[debops-users] RFC: Merge all DebOps git repositories into one

Sunday, 13 August 2017

Hello everyone,

TL;DR: I want to merge all the Ansible roles, playbooks, documentation, tests
and software repositories back into one DebOps git repository to improve
development process. I want to be sure that it's done for the right reasons.

A few days ago, Daniel Vetter published a blog post about how GitHub is not
a good place to host the Linux kernel:

    http://blog.ffwll.ch/2017/08/github-why-cant-host-the-kernel.html

In short, David explains how on GitHub big projects are commonly split into
multiple git repositories, each one with their own issues and pull requests.
Linux is developed using one "monotree", stored in a git repository that is
forked multiple times, and changes to specific code are then merged back into
the main Linux repository.

While reading this blog post, I thought about how DebOps is currently
maintained, what are the pain points and how the development process could be
improved. But first...

How did we end up here?
-----------------------

DebOps wasn't always using multiple git repositories in one GitHub
organization. In the beginning, the code with multiple roles and playbooks was
in a single repository:

   first iteration:  https://github.com/drybjed/ansible-aiua
   second iteration: https://github.com/drybjed/ginas/

There were two reasons at the time for a split into multiple git repositories,
each repository containing one Ansible role:

1. Testing times on Travis-CI were approaching the 20-minute time limit, since
   the idea was to test as much Ansible roles as possible. With the number of
   roles increasing, there was a need to redesign the tests so that roles could
   be tested separately - multiple git repositories allowed for that.

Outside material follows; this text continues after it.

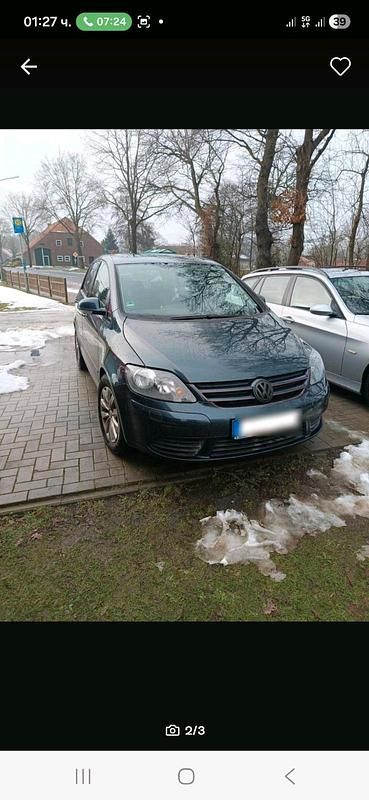 Gebraucht VW Golf V 140 PS (102 kW) 2007 Blau Kombi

2. There was a demand for some of the DebOps roles to be available via Ansible
   Galaxy, which supports a model where an Ansible role is in a separate git
   repository. In the end, all of the DebOps roles are available on Galaxy, but
   I'm not sure how many of them are used that way exclusively these days.

So, the split happened and immediately it was apparent that in order for the
project to work as expected, any role included in the playbook needed to be
installed and available to Ansible. Since the 'debops-playbooks' repository,
which at this point became a 'scaffolding" that joined the roles together,
included all of the DebOps roles, all of them needed to be installed by the
user.

This automatically points to the usage of the Ansible Galaxy 'requirements.txt'
file. However, DebOps project is a combination of Ansible roles that do the
actual work, and Ansible playbooks which define what roles should be executed
on which hosts. Ansible Galaxy only supports installation of roles, not
playbooks, therefore there was a need for an automated way to download all of
the project's git repositories and put them in the correct place for Ansible to
use. And that is how the custom scripts came to be - at that point DebOps had
56 roles and that number was expected to increase, so there wasn't any better
way to handle that otherwise.

Over time, project evolved to the current state that it is today due to input
from the users. The roles were tested using a separate test-suite repository
which allowed to define a consistent test environment and decoupled any issues
with tests from the git commits in role repositories themselves. Documentation
went through a design phase where it was decided that due to the split nature
of the git repositories, documentation for each role should be included with
the respective role. All of them then were merged using 'git submodule'
commands into one giant documentation repository and pushed to ReadTheDocs for
consumption. The design of the role dependencies has changed from using "hard
dependencies" in the roles themselves, to "soft dependencies" on the
playbook
level, so that roles could be used separately without the need to use the
dependencies. Roles themselves became more and more self-contained, that led to
design of the standardized ways the roles passed data around using role
dependent variables and Ansible local facts. To ensure that the project's code
is validated, git commits from project developers are now signed by their GPG
keys, although code validation that would use this is not yet implemented. Due
to how GitHub organization controls work, a separate 'debops-contrib'
organization was created for third-party Ansible roles that are not yet part of
the DebOps project, and are expected to be added at some point.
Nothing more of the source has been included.